▶ [Task to complete] Only the lines of the listing below that run from the line with "GarveeHome 6 ft" through the line with "Moletom Masculino Bison" are to be set down, word for word. Pictures stay out.

▶ [Records to process]
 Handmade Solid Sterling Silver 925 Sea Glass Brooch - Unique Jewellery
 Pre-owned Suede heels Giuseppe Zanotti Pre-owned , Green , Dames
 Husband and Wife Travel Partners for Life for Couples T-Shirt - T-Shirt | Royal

==

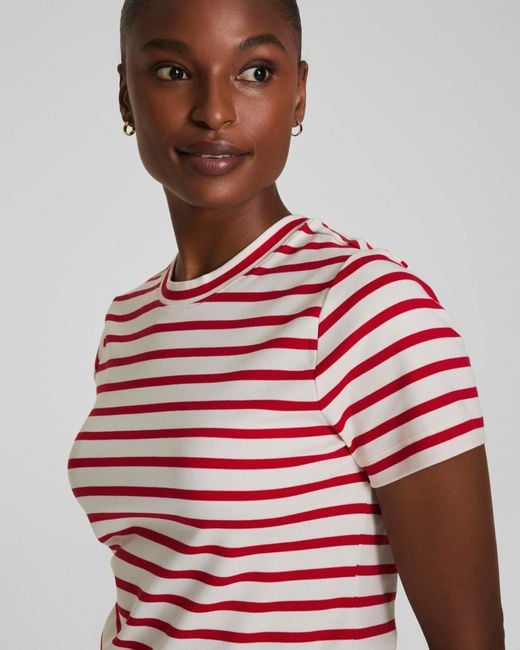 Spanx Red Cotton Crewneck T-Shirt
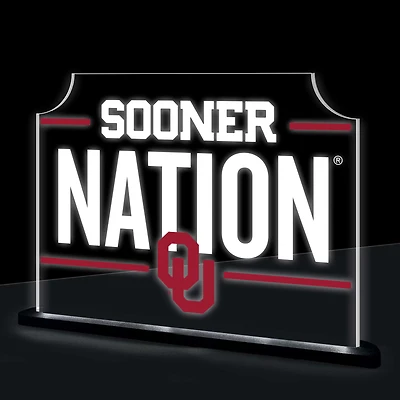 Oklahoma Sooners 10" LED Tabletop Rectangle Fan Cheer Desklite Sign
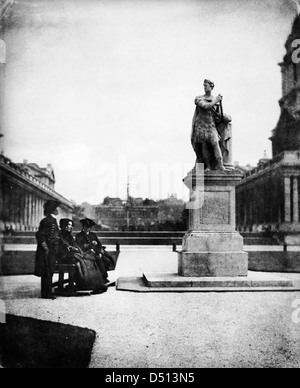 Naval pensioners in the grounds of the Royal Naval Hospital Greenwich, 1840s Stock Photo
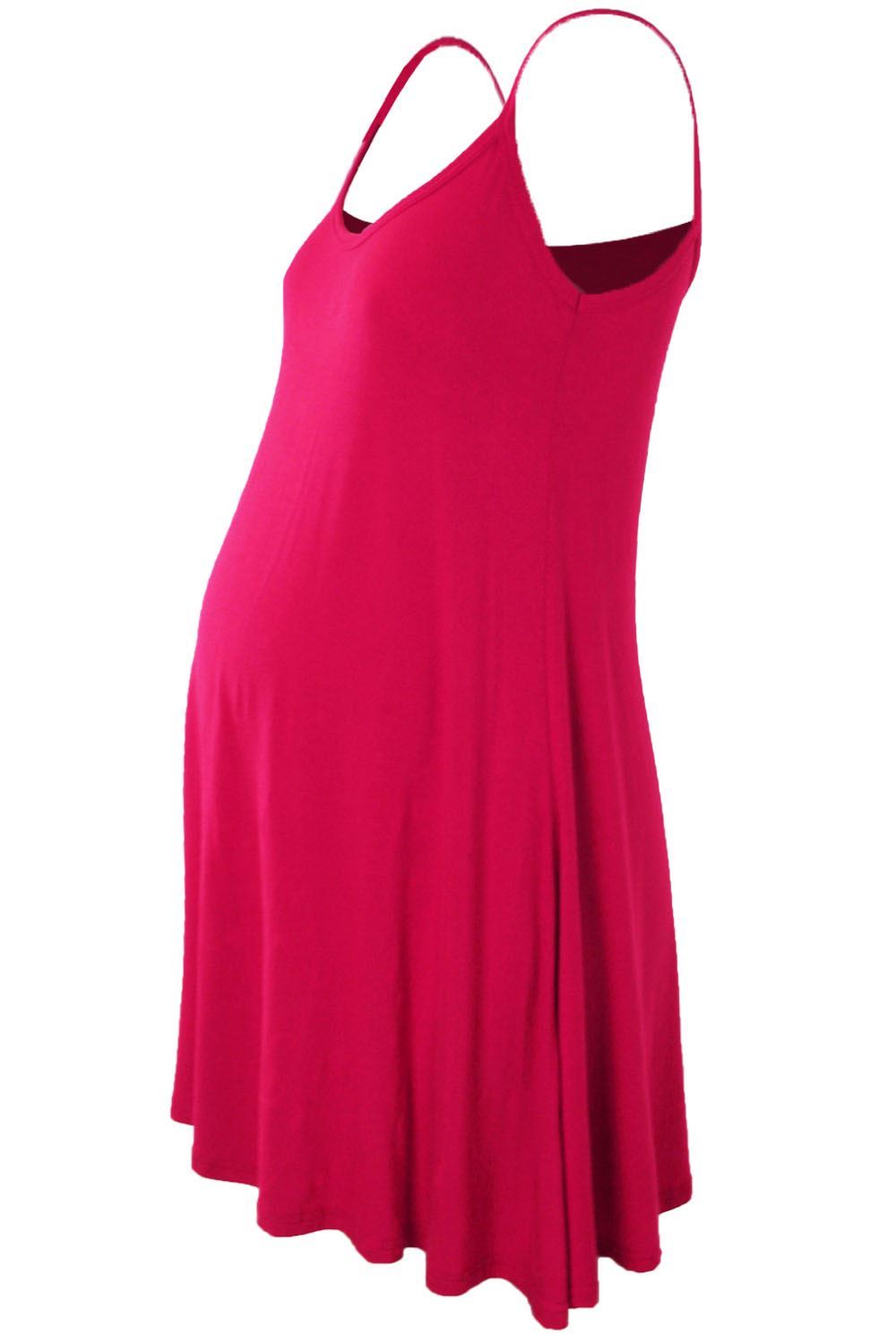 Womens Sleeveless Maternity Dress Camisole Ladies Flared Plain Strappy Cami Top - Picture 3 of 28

--

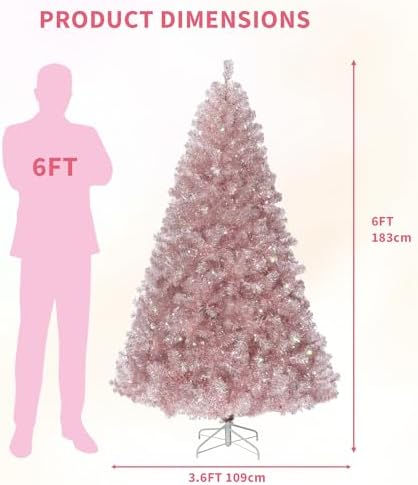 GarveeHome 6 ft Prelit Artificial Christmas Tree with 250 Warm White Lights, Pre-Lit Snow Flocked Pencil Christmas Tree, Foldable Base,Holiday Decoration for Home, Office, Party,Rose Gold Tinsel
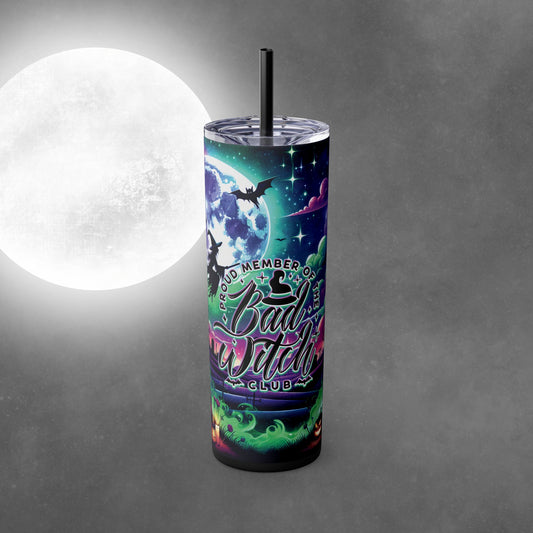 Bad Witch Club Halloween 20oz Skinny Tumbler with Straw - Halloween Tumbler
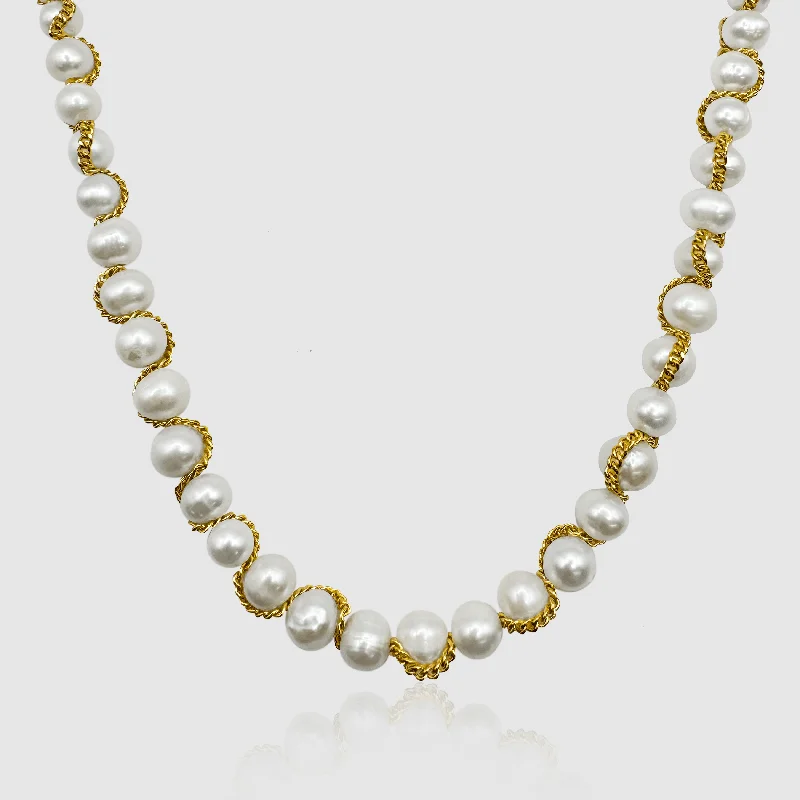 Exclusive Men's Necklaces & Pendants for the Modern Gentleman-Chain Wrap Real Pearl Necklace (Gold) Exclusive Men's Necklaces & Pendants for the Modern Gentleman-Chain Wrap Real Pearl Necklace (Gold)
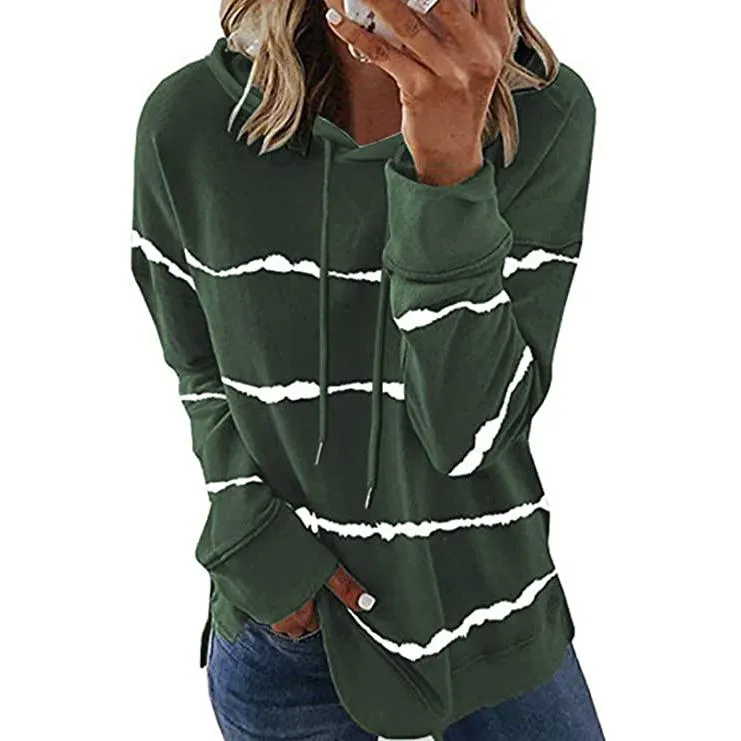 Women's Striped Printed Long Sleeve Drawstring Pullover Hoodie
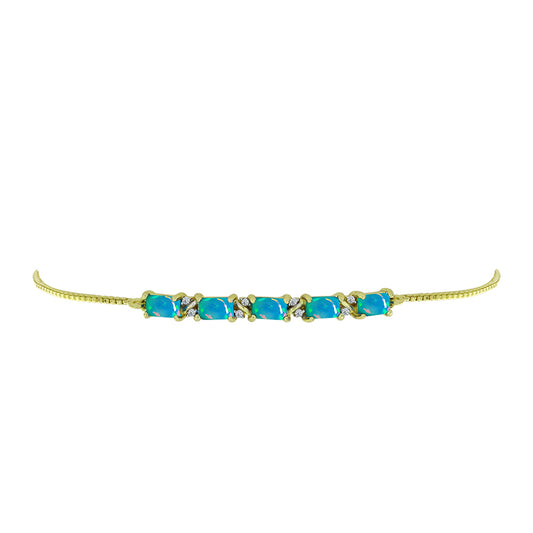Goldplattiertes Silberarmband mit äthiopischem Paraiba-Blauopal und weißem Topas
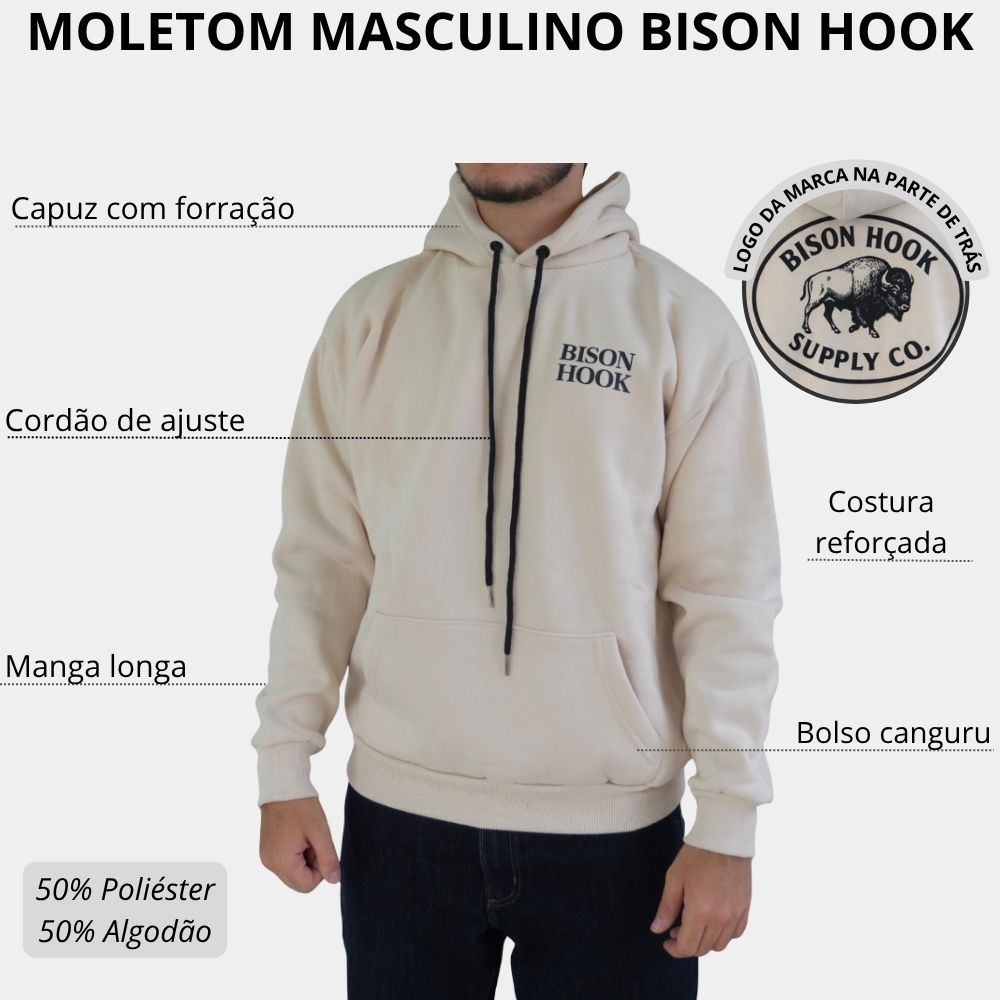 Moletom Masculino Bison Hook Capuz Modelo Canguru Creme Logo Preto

▶ [Task output]
 GarveeHome 6 ft Prelit Artificial Christmas Tree with 250 Warm White Lights, Pre-Lit Snow Flocked Pencil Christmas Tree, Foldable Base,Holiday Decoration for Home, Office, Party,Rose Gold Tinsel
 Bad Witch Club Halloween 20oz Skinny Tumbler with Straw - Halloween Tumbler
 Exclusive Men's Necklaces & Pendants for the Modern Gentleman-Chain Wrap Real Pearl Necklace (Gold) Exclusive Men's Necklaces & Pendants for the Modern Gentleman-Chain Wrap Real Pearl Necklace (Gold)
 Women's Striped Printed Long Sleeve Drawstring Pullover Hoodie
Goldplattiertes Silberarmband mit äthiopischem Paraiba-Blauopal und weißem Topas
 Moletom Masculino Bison Hook Capuz Modelo Canguru Creme Logo Preto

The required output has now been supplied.